Michelle Vives knew her middle daughter — Jer to her friends, Mia to her family — would never wear the necklace. But she wanted Mia to have it all the same. . . . 

Mia died in March — eight weeks shy of her 17th birthday and at the mathematical epicenter of a terrifying new statistic. 

This year, for the first time, the median age for teen suicide in Los Angeles County has dropped to 16 — the youngest ever.

Suicide has been a leading cause of death for young people for at least the last half-century. . . . [T]he age at which children kill themselves has been falling, while the ratio of girls to boys who die by suicide has climbed. In California, where teen suicide has been rising faster than in most states, the rate among Black and Asian youths is now higher than among white ones, according to California Department of Public Health data. . . . 

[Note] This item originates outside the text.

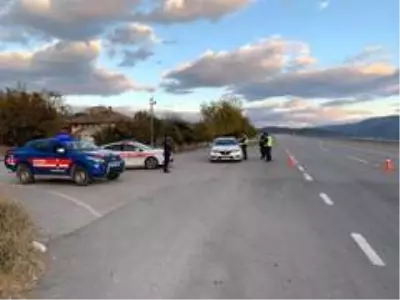 Son dakika haberleri! Jandarma'dan trafik denetimi Son dakika haberleri! Jandarma'dan trafik denetimi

Grieving parents interviewed by The Times said involuntary detention was a last resort. The process was traumatic for their children and often prohibitively expensive for their families. Yet most could not access other help. This outcome is so common, the California Mental Health Services Oversight and Accountability Commission dubbed it the “fail first” model. . . . As systems of care have withered, an old superstition has taken root: that talking about suicide would cause people in crisis to kill themselves.

Just hours after her daughter’s death, Vives said, school officials and police showed up at her door, demanding to know when she planned to ‘go public’ about Mia’s suicide.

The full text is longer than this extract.